For more examples of using REFRESH and INVALIDATE METADATA with a combination of Impala and Hive operations, see Switching Back and Forth Between Impala and Hive.
Related impala-shell options:
The impala-shell option -r issues an INVALIDATE METADATA statement when starting up the shell, effectively performing a REFRESH of all tables. Due to the expense of reloading the metadata for all tables, the impala-shell -r option is not recommended for day-to-day use in a production environment. (This option was mainly intended as a workaround for synchronization issues in very old Impala versions.)
The user ID that the impalad daemon runs under, typically the impala user, must have execute permissions for all the relevant directories holding table data. (A table could have data spread across multiple directories, or in unexpected paths, if it uses partitioning or specifies a LOCATION attribute for individual partitions or the entire table.) Issues with permissions might not cause an immediate error for this statement, but subsequent statements such as SELECT or SHOW TABLE STATS could fail.
All HDFS and Sentry permissions and privileges are the same whether you refresh the entire table or a single partition.
The REFRESH command checks HDFS permissions of the underlying data files and directories, caching this information so that a statement can be cancelled immediately if for example the impala user does not have permission to write to the data directory for the table. Impala reports any lack of write permissions as an INFO message in the log file, in case that represents an oversight. If you change HDFS permissions to make data readable or writeable by the Impala user, issue another REFRESH to make Impala aware of the change.
Amazon S3 considerations:
The REFRESH and INVALIDATE METADATA statements also cache metadata for tables where the data resides in the Amazon Simple Storage Service (S3). In particular, issue a REFRESH for a table after adding or removing files in the associated S3 data directory. See Using Impala with the Amazon S3 Filesystem for details about working with S3 tables.

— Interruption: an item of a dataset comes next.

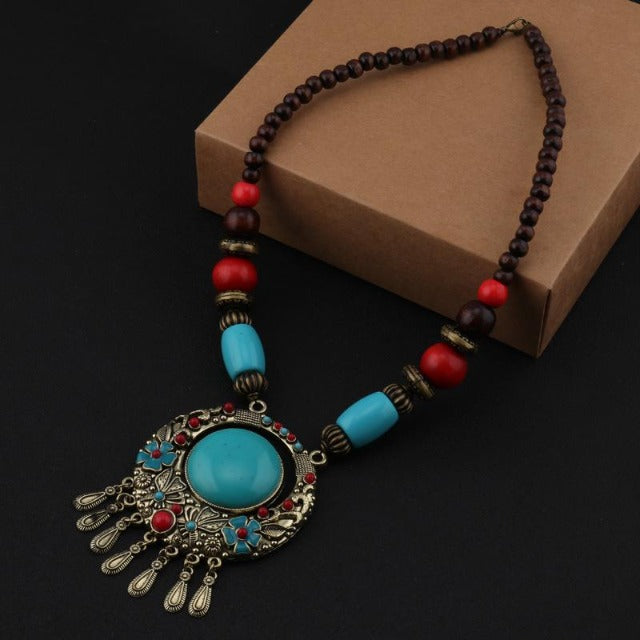 Etninen helmikaulakoru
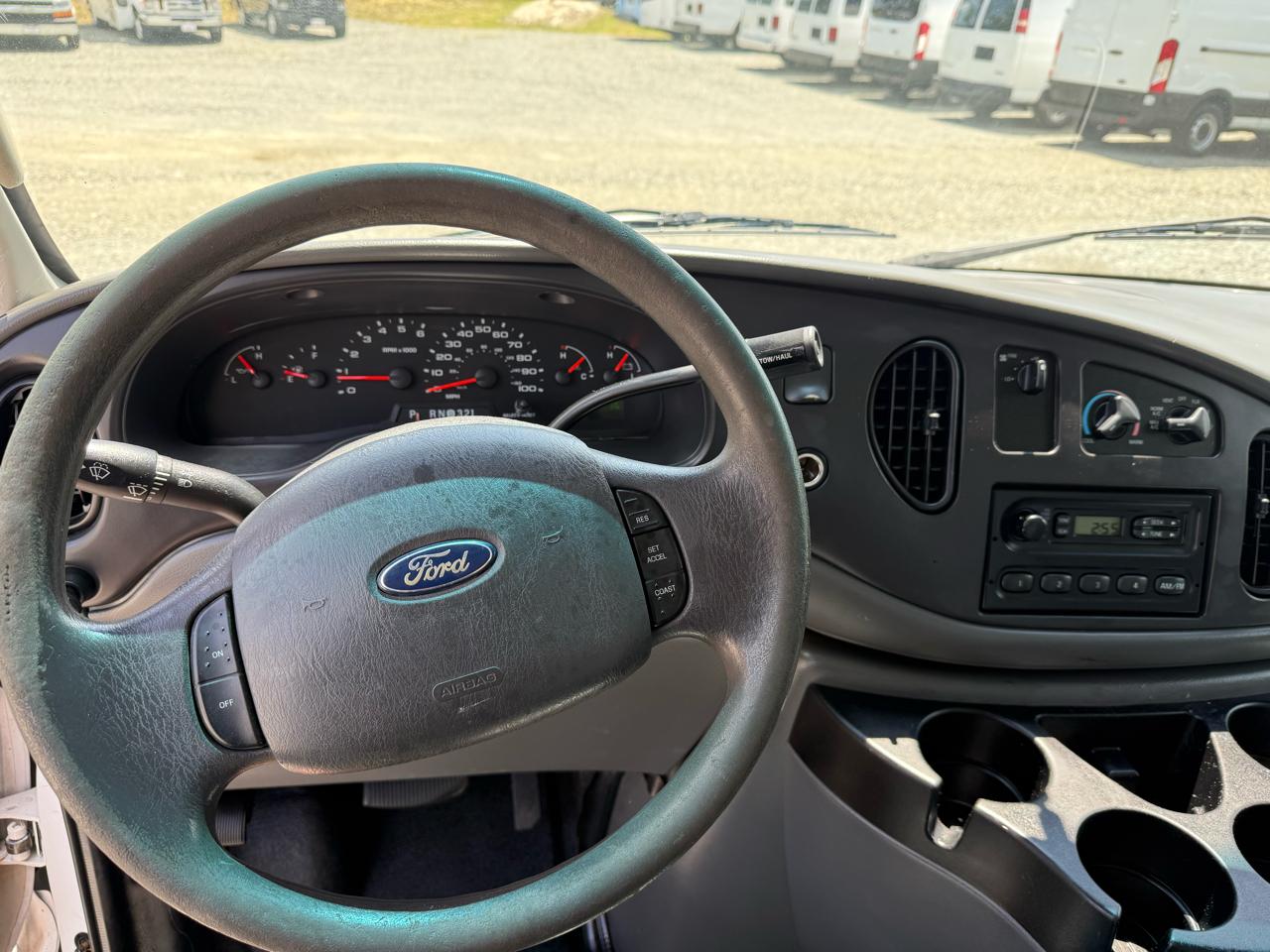 Ford Econoline E-350 Super Duty 2006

Cancellation: Cannot be cancelled.
Much of the metadata for Kudu tables is handled by the underlying storage layer. Kudu tables have less reliance on the metastore database, and require less metadata caching on the Impala side. For example, information about partitions in Kudu tables is managed by Kudu, and Impala does not cache any block locality metadata for Kudu tables.
The REFRESH and INVALIDATE METADATA statements are needed less frequently for Kudu tables than for HDFS-backed tables. Neither statement is needed when data is added to, removed, or updated in a Kudu table, even if the changes are made directly to Kudu through a client program using the Kudu API. Run REFRESH table_name or INVALIDATE METADATA table_name for a Kudu table only after making a change to the Kudu table schema, such as adding or dropping a column, by a mechanism other than Impala.